Amendment of section 4(2) (Clause 2)
Currently the Banks Act only provides for one officer as the deputy Registrar of Banks. This is not sufficient to cope with the workload. The Registrar will be able to designate a maximum of four employees as Deputy Registrars (with the approval of the Minister of Finance).

Amendment of section 7 (Clause 3)
This was explained by means of an example. If a banking institution was in trouble and another banking institution wanted to take it over then they could commission a chartered accountant to assess the position of the bank in difficulty. This assessment is referred to as a due diligence report. The information in this report belongs to the institution who commissioned the chartered accountant. If the information is leaked and the market responds then the institution in trouble will be in a weaker position because it can be sold for a cheaper price. The amendments have the following effect:
If an institution wants a due diligence report from a chartered accountant working for another institution then:
- the Registrar must be informed.
- a copy of the due diligence report must be given to the Registrar.
- the information is not to be disclosed to anyone else.

Mr Andrew noted that the wording seemed to exclude the potential buyer who asked for the report from having access to the information.
Adv Blackburn replied that disclosure necessarily entails giving the information to the party who commissioned the chartered accountant. He said that if the committee wished they could draft it more clearly.

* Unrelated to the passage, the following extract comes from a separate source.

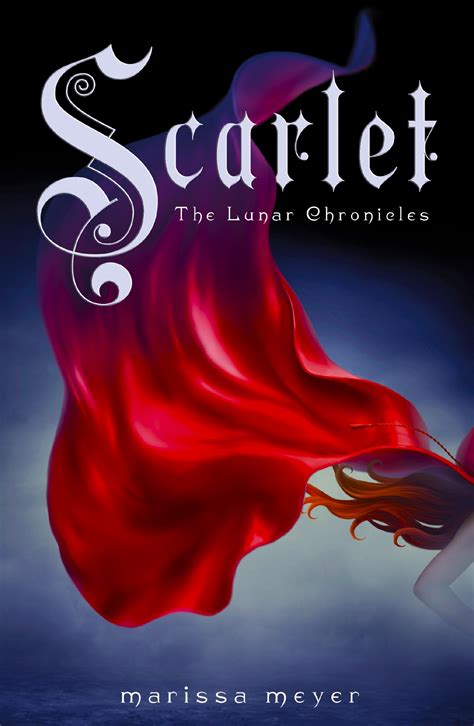 Scarlet Book One Kindle Editon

Dr Rabie (NNP) asked if the due diligence report was in line with international standards (specifically in light of corporate takeovers).
Adv Blackburn replied that the procedure of asking for due diligence was international practice. It is only done with the consent of the institutions involved. Therefore with a hostile takeover one will not have this report. It usually takes place between consenting parties.

Ms Taljaard commented that the Promotion of Access to Information Act had precedence over the present Act and in terms of its horizontal application one could access information. She asked for an opinion on this.

The reply was that to every rule there is an exception to the rule. The exception applies in this case. No person has the right to all information where the pubic good may be impeded. One cannot go into an institution’s due diligence report simply because one is a depositor in that institution.

Amendment of section 22 (clause 5)

In terms of section 22 a bank could only use its South African authorised name and the Banks Act is very rigid in this regard. The purpose of the amendment is to cater for overseas banks. Example: an institution is registered in Switzerland as XYZ Bank. It establishes a branch in South Africa and has a representative office in SA called D Bank. Previously if it was registered as a bank in SA it would have to register as D Bank. Now it has a choice. It can register either as XYZ Bank or as D Bank.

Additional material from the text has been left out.